The main argument is that by allowing student the opportunity to use their devices, we are opening up a can of worms in the form of technology abuse.  I’ll admit, students will try to take advantage of the system.  Hey, I remember being a student…it is in our nature to try and push the privileges we get from adults to the limit.  With that being said, just like any other classroom procedure, if there are usage guidelines that are enforced by the teachers and administration, then when a student abuses the privilege…he or she suffers the consequences.  

Students are smart.  

They will begin to put 2 & 2 together to get 4.  They will take note when a classmate loses their device for doing something outside of the usage policy.  Personal device usage can be controlled, as long as there are clear policies with crystal clear consequences for policy abuse.

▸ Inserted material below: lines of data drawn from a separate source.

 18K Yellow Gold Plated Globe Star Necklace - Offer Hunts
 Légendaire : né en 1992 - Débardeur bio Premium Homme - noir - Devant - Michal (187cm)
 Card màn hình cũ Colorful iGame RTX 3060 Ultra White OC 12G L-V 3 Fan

A second argument lies in the area of fairness.  “Some students won’t have a personal device so they will feel left out.”  True, some students won’t have personal devices.  We seem to think that students will feel left out or ostracized if they don’t have what others have.  This is a bit of a misconception.   I’ve been in education for almost 15 years now, and I’ve seen the student population go from being a very selfish and clique-ish population to a very accepting and welcoming group of people.  

The bringing in of student inclusion has created an educational environment that sees special needs students working hand and hand with their peers.  And because of this inclusiveness, students are learning to see past trivial things like physical, mental, and even poverty issues.  In addition, there are many students out there whose families have money, but don’t want their children to have a persona device…not just yet.  So there will always a handful of students who don’t have a device.

The Solution…

Class Sets.  Instead of purchasing 5 laptop carts, how about purchasing 2 laptop carts and then using the remainder of the money, that would have been spent on laptops…on sets of 5-6 tablets for each classroom (at Best Buy right now, you can get 5 tablets for the cost of one Chromebook…and that’s even before you begin to enter “school discount” prices).  If a student does not have personal device…they simply use the a device from the class set.  

Allowing students to use their personal devices can, in the long run, save schools money as they begin to phase out multiple computer labs and laptop carts because students already have access to the internet via their personal device.

Finally, there is the argument that personal devices don’t add value to instruction.  What!?!  There are so many apps out there today that have been designed to help students gain knowledge in the classroom.  Students can download their textbooks, access online dictionaries and encyclopedias, and even access teacher websites where lessons and rubrics are posted.  Add value to the classroom?  I’ll argue that not allowing personal devices in the classroom decreases the value of instruction.

Bottom line: Personal devices in the classroom are not only doable, it is getting to the point where they are a necessity.  Personal devices are ubiquitous.  The majority of the people have them, and they know how to use them efficiently.  Yes students will abuse them, and yes some students won’t have them, but with proper policies in place and with proper equipment in place, personal devices can make the learning experience an out of this world experience for the student…and the teacher.